• Exercise description
Could you give the records below again exactly, without the pictures?

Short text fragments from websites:
▶

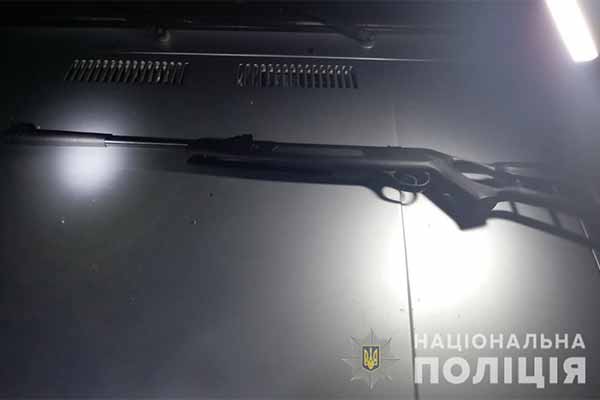 На Полтавщині чоловік поранив 12-річну дівчинку із пневматичної рушниці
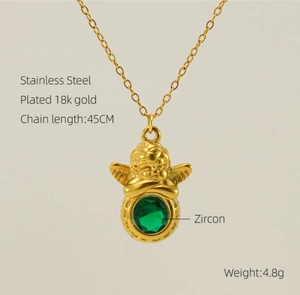 Detailweergave van de 18K vergulde engel hanger met een groene zirkonia steen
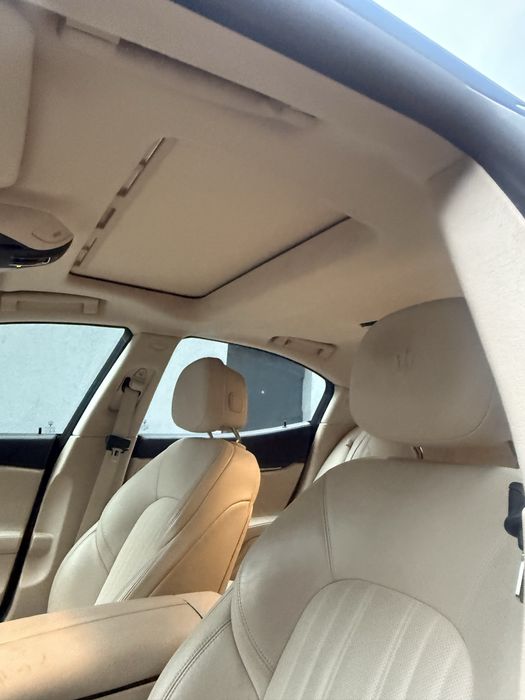MASERATI GHIBLI SQ4 GRANLUSSO 3.0 430km LIFT Trofeo niebieski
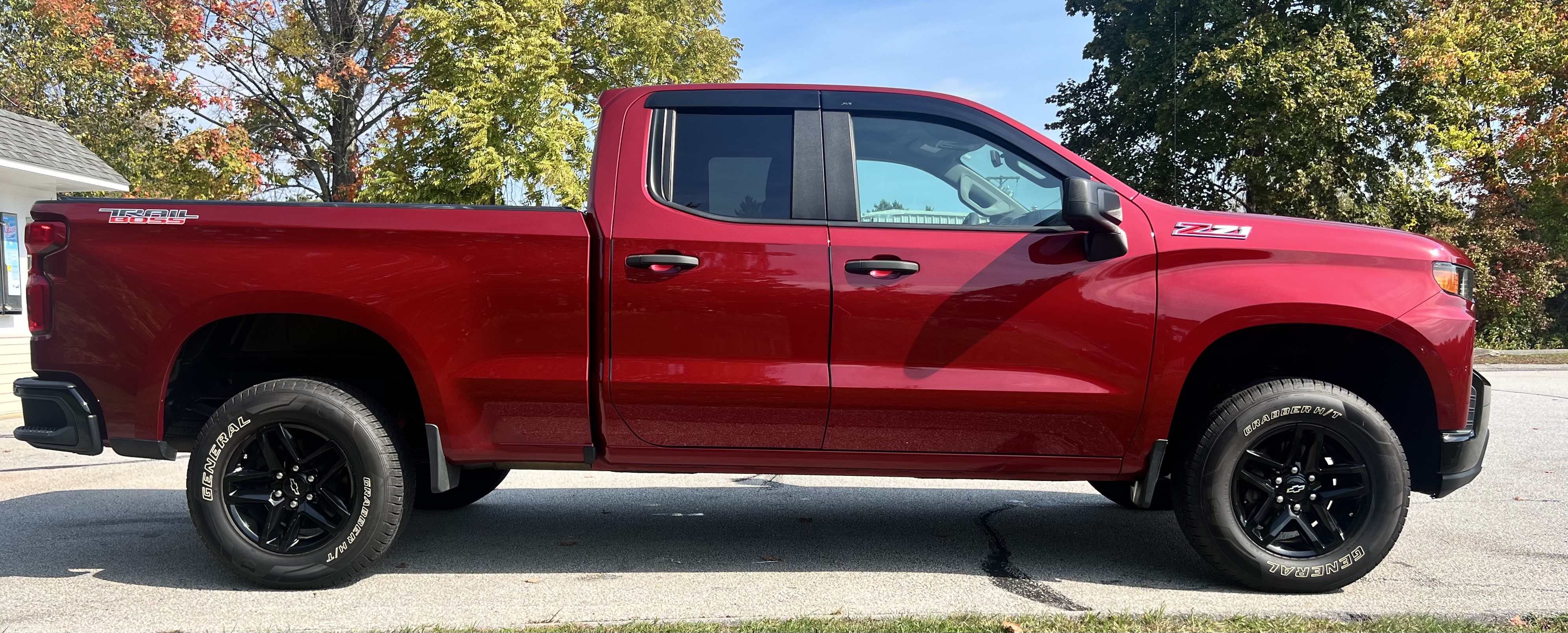 Used 2020 Chevrolet Silverado 1500 Custom Trail Boss w/ Custom Convenience Package AWD/4WD image 2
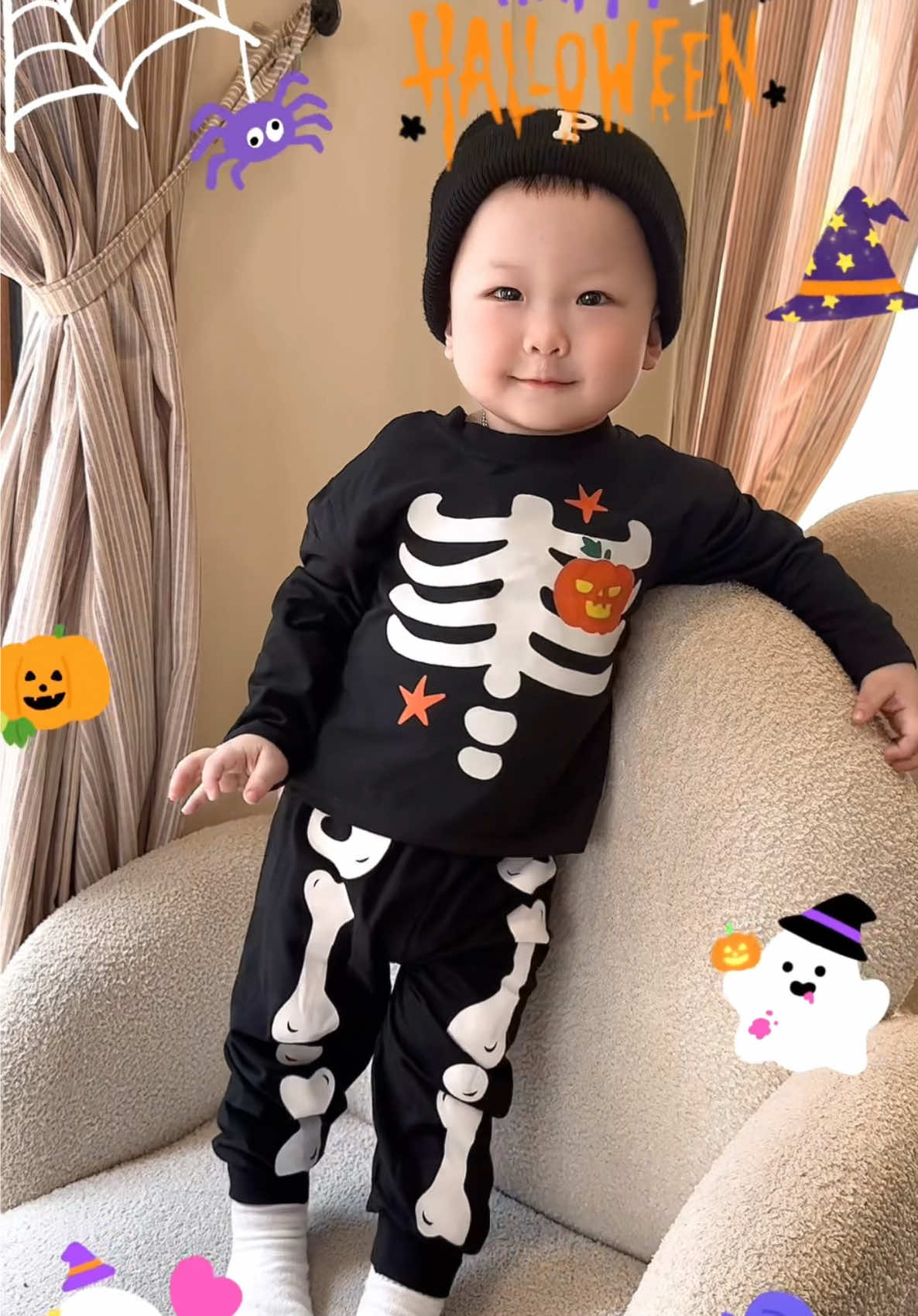 Bộ Halloween dạ quang phát sáng cho bé rất thích nha👍. Mà vải  đẹp có thể mặc thường xuyên ✅#bohalloweenchobe #bodohalloween #halloween #trangphuchalloween 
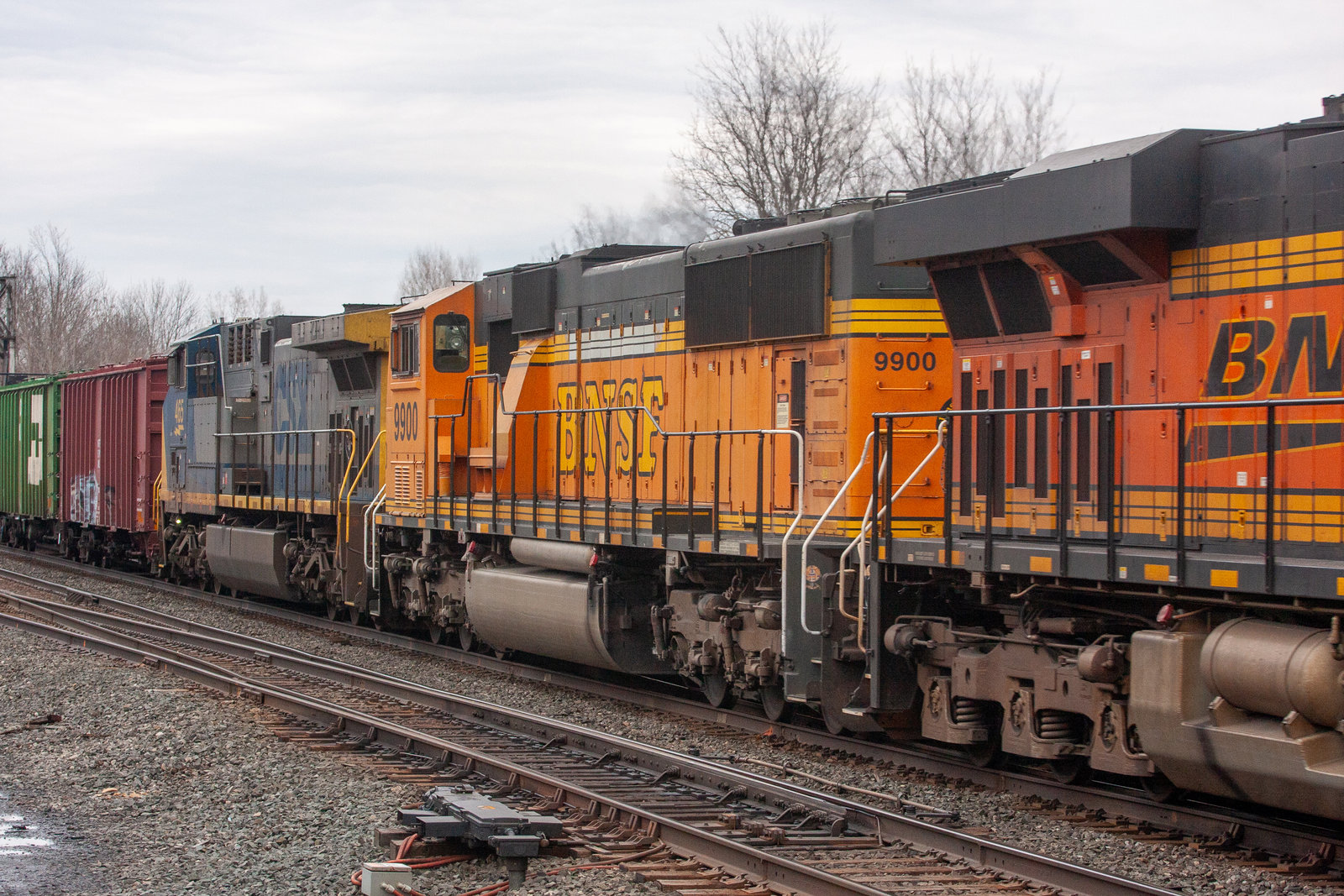 BNSF 9900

◀

• Task response
 На Полтавщині чоловік поранив 12-річну дівчинку із пневматичної рушниці
 Detailweergave van de 18K vergulde engel hanger met een groene zirkonia steen
MASERATI GHIBLI SQ4 GRANLUSSO 3.0 430km LIFT Trofeo niebieski
 Used 2020 Chevrolet Silverado 1500 Custom Trail Boss w/ Custom Convenience Package AWD/4WD image 2
 Bộ Halloween dạ quang phát sáng cho bé rất thích nha👍. Mà vải  đẹp có thể mặc thường xuyên ✅#bohalloweenchobe #bodohalloween #halloween #trangphuchalloween 
 BNSF 9900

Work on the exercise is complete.